Many of you have reached out for some helpful tips for first-time thru-hikers to have success while on the trail. I assembled a huge and hopefully comprehensive list of the most helpful pieces of information and advice I found online to give you some quality assistance and education.
We have assembled a large list of 22 tips which should help you achieve a higher chance of success for your thru-hike. I'm interested to hear more tips below in my comments if you have any different from what I have listed as I would love to make this as comprehensive a resource as possible for everyone who visits!
This may seem very simple and straight forward but many runs to the wire to start their thru-hike, to make sure weather doesn't become impactful and to ensure completion you want to start earlier rather than later.
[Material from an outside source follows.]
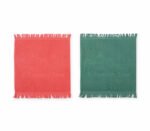 Πετσέτα Κουζίνας Φροτέ 50×50 Nef Nef Vitamine Coral - Image 2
Aim to provide yourself at least a week prior to your start date. By starting a bit earlier this leaves some room to handle the inevitable injuries and emergencies to ensure you have time to complete the trail.
Many think that it will be inexpensive on the trail, and while it will cost you less than normal you must understand the costs. The average cost on a thru-hike is approximately $1000 per month, this is without any income coming in during this process from a job.
You must start now and save as much as you can while still being able to handle your normal daily routines. Figure out how much time it will take you to get to around $6000 in savings for the thru-hike and at least $2-3000 available after you are done and come back as this gives you time to heal and find employment.
Note that like in war a plan is only good until you take your first step, don't try to detail out everything as you won't know until you are there. Also, this can lead to decision-making challenges where you get stuck in "analysis paralysis" and this takes away from the fun and excitement of a trip of this caliber.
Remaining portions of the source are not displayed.